The sloppy play of yesterweek plagued the Eagles once more. They were not awful. The defense played very well, in fact. But there was a key ingredient that is common to contending teams that the Eagles just didn't have. This inability to capture big moments, to play with crisply efficient urgency and to make decisive plays in decisive moments, has forever been the bane of this team. The problems of this period in the Eagles' history are many. The Eagles have trouble on third and short, trouble in the Red Zone, trouble with the 2-minute drill, problems with defending short passes or hard runs on third and short, suffer from a general lack of imaginative solutions to problems, play with a certain fussy coyness when presented with those intractable obstacles that cannot be passed or screened around, and they suffer from an unwillingness to go balls out to pound through the other team; these problems are all related to the overriding frustration that the Eagles have always had trouble playing with balls rather than brains.
Football is not, at heart, a cerebral game. Sure, the NFL is rife with sophisticated defensive schemes, camouflaged coverages, offensive smoke screens and the occasional trick play, but the grit of the game involves muscle, hard work, an intense desire to beat one's opponent, and the determination to do so. The sport is gladiatorial, not balletic. Andy Reid's origins as a lineman belie his overly-cerebral approach to the game. When given third-and-short, or fourth-and-goal, Reid usually dumps the ball off, or takes the field goal, rather than let his offensive line attack the line of scrimmage, allow Westbrook or (remember him?) Dorsey Levens, both of whom are excellent at this, find a hole and get the yard.
If I know anything about football, I know this: if your offensive line cannot get a push to run the ball, even when the other team, all the fans, the pigeons flying overhead, and even Joe Buck know what's coming, if you cannot get that yard running the ball when you absolutely need it, you do not deserve to win the game. This should be a rule of the game. There is no purer test in football than short-yardage situations. Can you think of a Super Bowl-winning team that could not get that yard? Let me know if you can, but I doubt it.

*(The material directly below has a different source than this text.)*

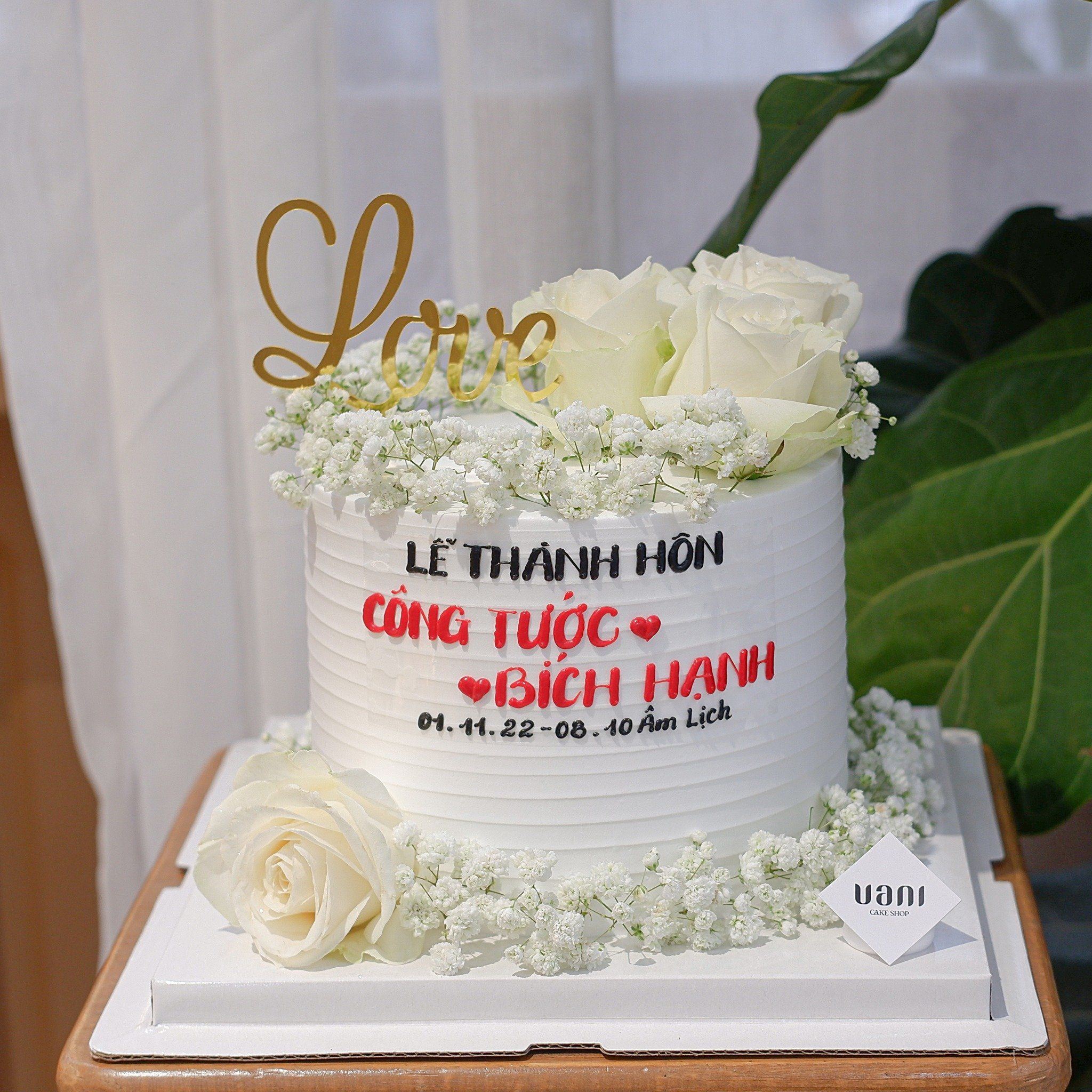 Bánh cưới trang trí hoa tươi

Watching the perfectly-thrown lob from McNabb sail through DeShaun Jackson's fingertips, I has the familiar sinking, enraged feeling that I have had on innumerable occasions in the past. When the Eagles played their last football game at the Vet, in the 2002 NFC Championship game, they opened up with a 20-yard TD run by Duce Staley, then frittered away the rest of the game unable to move the chains, and unwilling to pund away with Staley, even as Simeon Rice ran rings around the tackles. A year later, McNabb was picked off 3 times by Ricky Manning Jr. when all they needed to do to go to the Super bowl was to beat the freaking Panthers. It was snowing like cats and dogs that day, the wind was swirling, but again Reid would not run the ball. They were so close. They were close in the Super Bowl, but could not mount a winning drive. They were close in New Orleans, but they couldn't quite do it, and Reid chickened out on fourth and 15. After Sheldon Brown's HUGE hit on Reggie Bush in the opening minutes, there were few inspiring things that happened for the Eagles in that game, after such a wonderful late-season surge to get there. We should be conditioned to this, now, in Pavlovian fashion, that when the Eagles manage to excite you, THAT is when they lose.

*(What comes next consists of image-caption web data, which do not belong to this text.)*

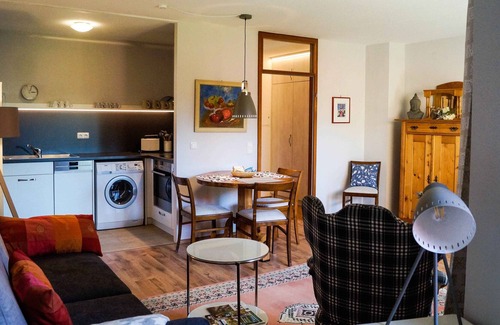 Weissenstadt Apartment | Gemütliches 60 qm Feriendomizil mit Terrasse und Garage, komplett renoviert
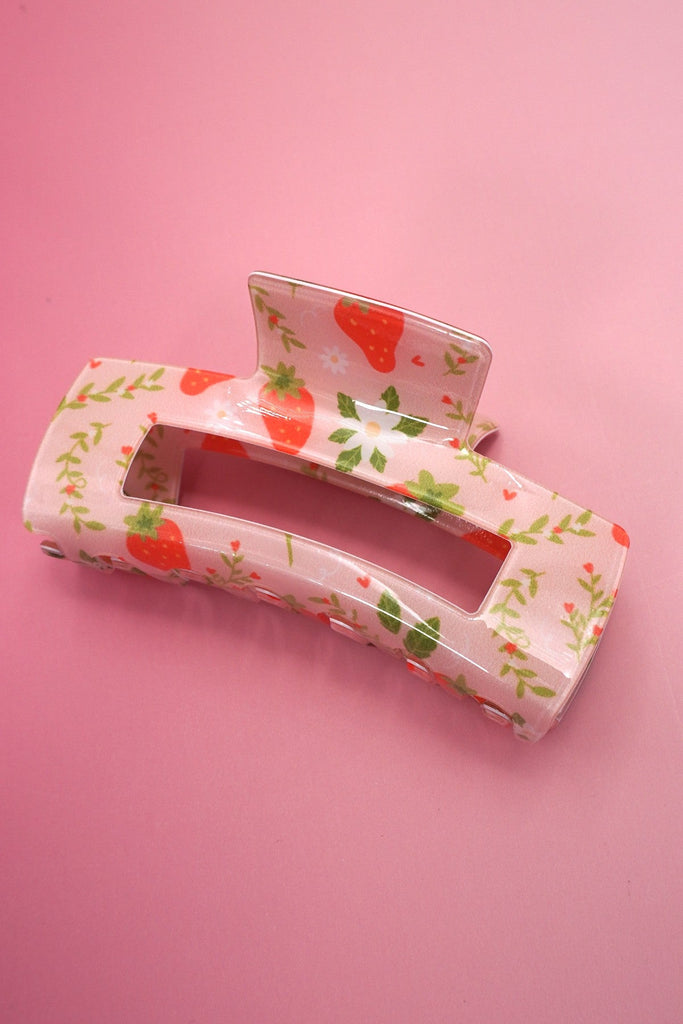 JUMBO STRAWBERRY COTTAGECORE HAIR CLAW CLIPS | 40H994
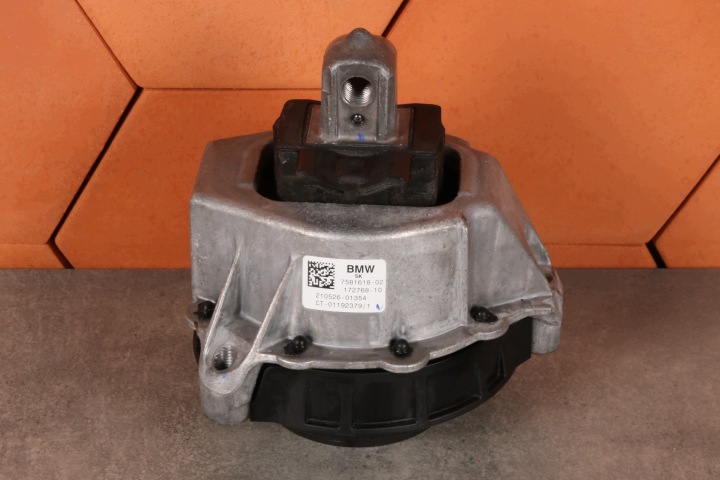 BMW G20 G21 G22 G23 G26 G42 Z4 G29 Supporti motore usato Destro 7581618 3393 km!!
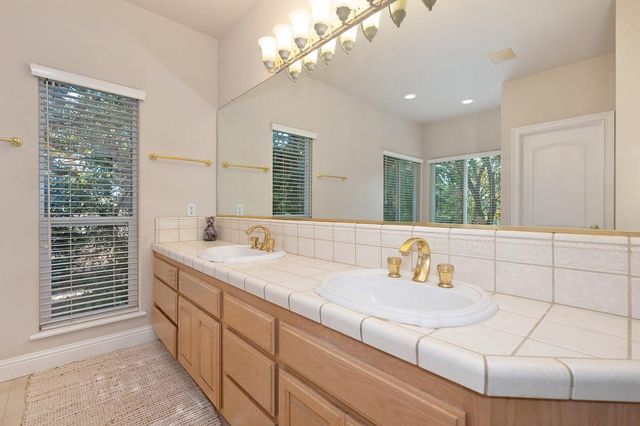 4310 Rolling Oaks Dr, Granite Bay, CA 95746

Look, I know that the short-yardage situation is not really number one on the long list of things that are wrong with this team. I just think that it is the most revealing. Andy Reid is a control freak. He wants to control the passing game, he wants to control the running game, and the ratio betwixt them. He (presumably) wants to control his weight, and his sons. But look around. He is not in control of any of these things. He's bowed to popular pressure about running the ball. The wide receivers are, essentially, people he met at a pickup game. Westbrook is seldom allowed to be the disruptive, quicksilver player he might be. His sons are headed to jail.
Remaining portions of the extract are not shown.